Valuing the Dollar; Devaluing Our Future

In a thoughtful op-ed piece in the weekend Wall Street Journal, Bob McTeer, former president of the Federal Reserve Bank of Dallas, echoed St. Augustine in wishing for a strong dollar – but not just yet. See Valuing the Dollar.

McTeer makes a strong case that a weaker dollar is part of a solution for the unbalanced US and global economies: “My preference,” he stated, “would be for dollar depreciation to reduce the [U.S.] current account deficit and slow the accumulation of dollar assets abroad. That process has already begun.” He concludes by warning: “A premature strengthening of the dollar would slow needed foreign trade adjustment and neutralize foreign trade as a source of domestic demand as we try to avoid a severe recession.”

This argument is a useful antidote to some of the confused economic logic that often beclouds the vision of Washington decision-makers. Experts are quick to bemoan “unsustainable” imbalances in the world economy, the low US savings rate, and our 35-year propensity to consume more than we produce. Their solution seems to be – get this! – coaxing the American consumer to spend more!

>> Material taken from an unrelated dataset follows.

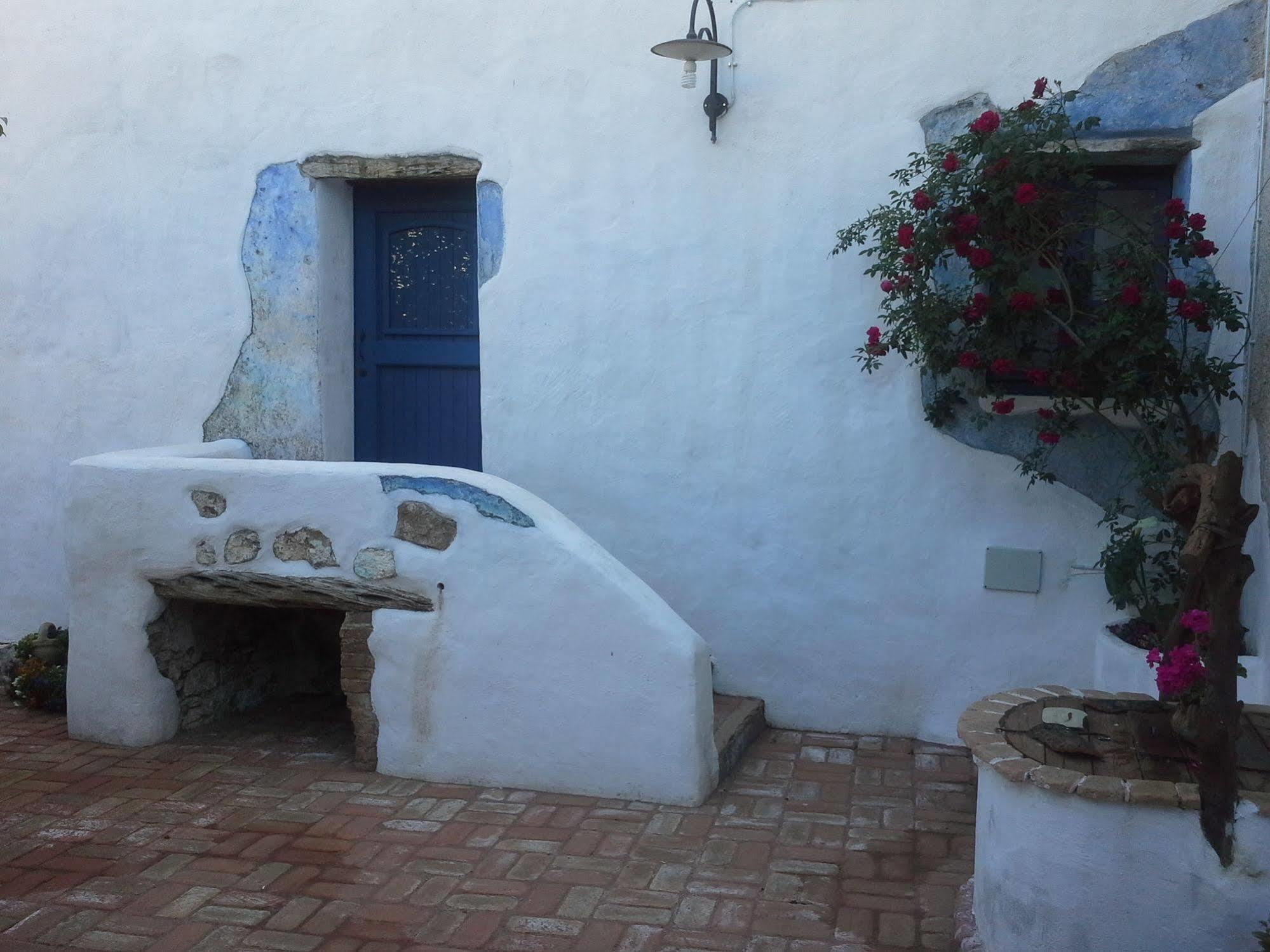 B&B Corte San Lussorio Oliena Exteriör bild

McTeer’s argument is a reminder that the default setting for a market economy such as ours is that persistent imbalances will be corrected through market forces. That’s what the depreciating dollar is doing. It will bring with it higher interest rates, higher exports and – contrary to what McTeer hints at – lower, not higher consumption. McTeer also glosses over the negative consequences of a dollar depreciation for those fools – overwhelmingly American citizens – who continue to hold American assets.

Cheapening the dollar may lead to a fire sale of American assets as foreign holders of dollars cash them in for something of real value at historically low process.

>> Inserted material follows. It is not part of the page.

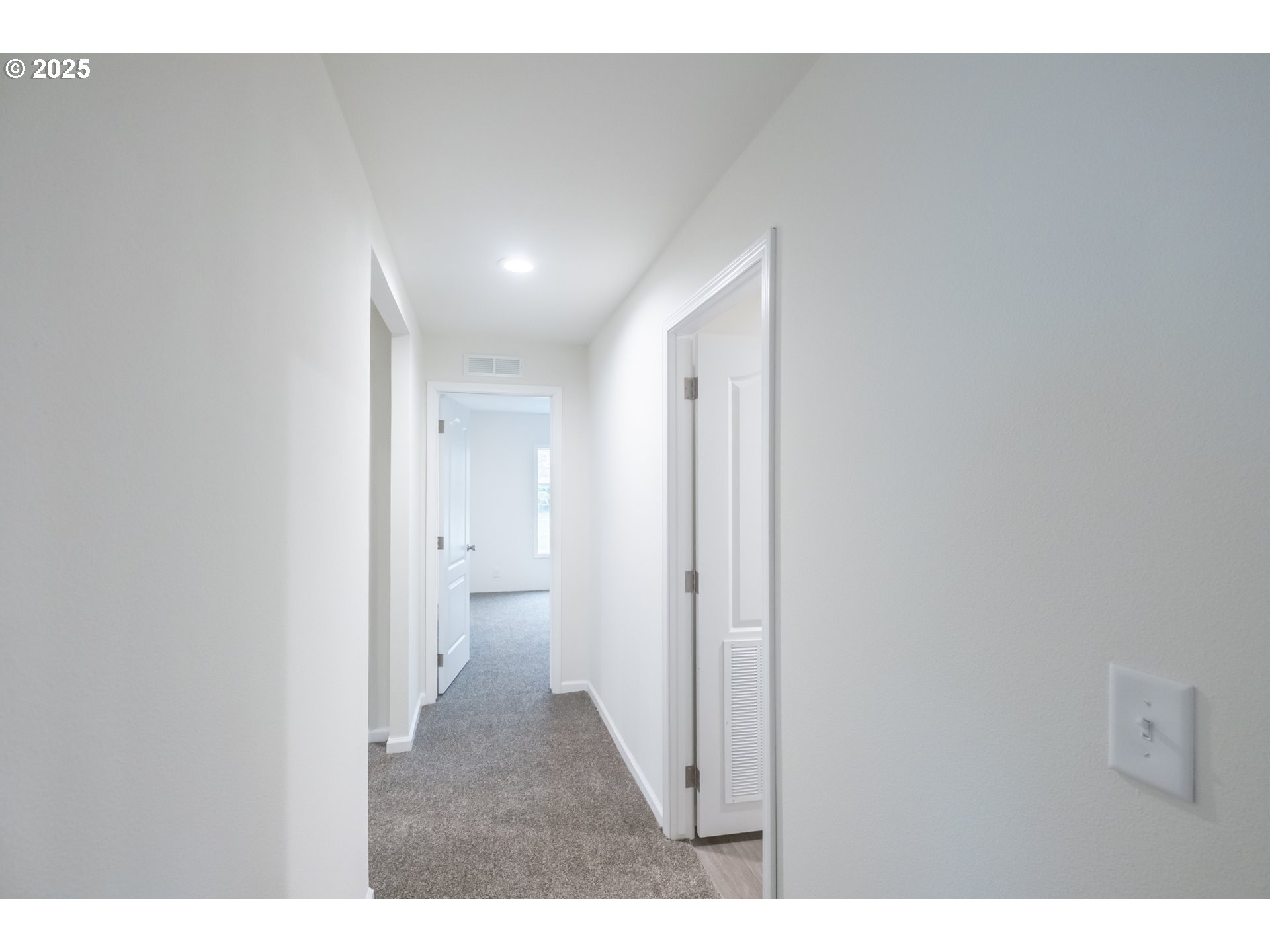 Salem, Oregon 97305, United States, 3 Bedrooms Bedrooms, ,2 BathroomsBathrooms,Residential,Active,222819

So, if the dollar depreciation runs its course without a major shift in American macroeconomic policy, America’s younger generations can inherit a reduced debt burden – hooray! – accompanied by a lower standard of living, reduced purchasing power, and increased foreign ownership of America’s most valuable assets.

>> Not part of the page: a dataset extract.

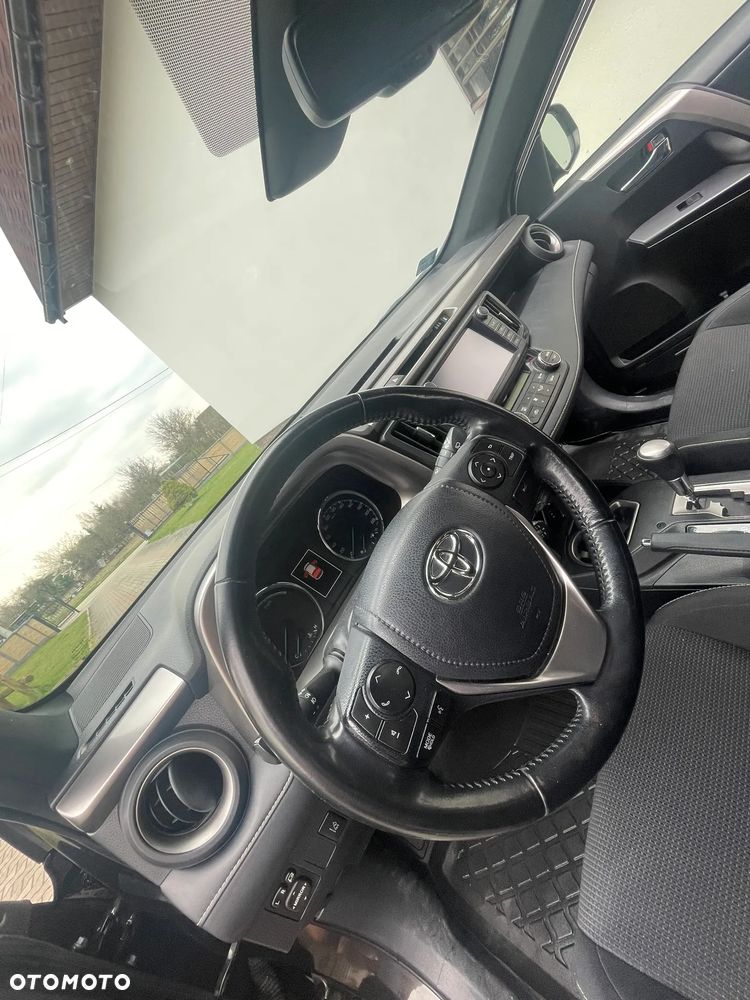 Toyota RAV4 Hybrid Premium 4x4 - 12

That’s a high price to pay just because America’s political leadership does not take seriously the structural problems of the American economy. For starters, let’s adopt a consumption tax at a rate comparable to those in the rest of the world (say, an 18 percent value added tax). Use the proceeds principally to finance a fundamental restructuring of the rest of the tax system – much lower taxes on corporations and individuals and the elimination of a dozen or more nuisance taxes. Crucial to this is to expense – immediately write off – investments in production capacity.

Unless we change the structure of the American economy so that we can produce more than we consume, the market will achieve that end, however brutal and unfair the process might be. Our longstanding structural problems cry out for effective leadership. If the best that the presidential candidates can do is to argue whether the Bush tax cuts should be made “permanent,” our structural problems just might go on forever and along with it a succession of dollar crises.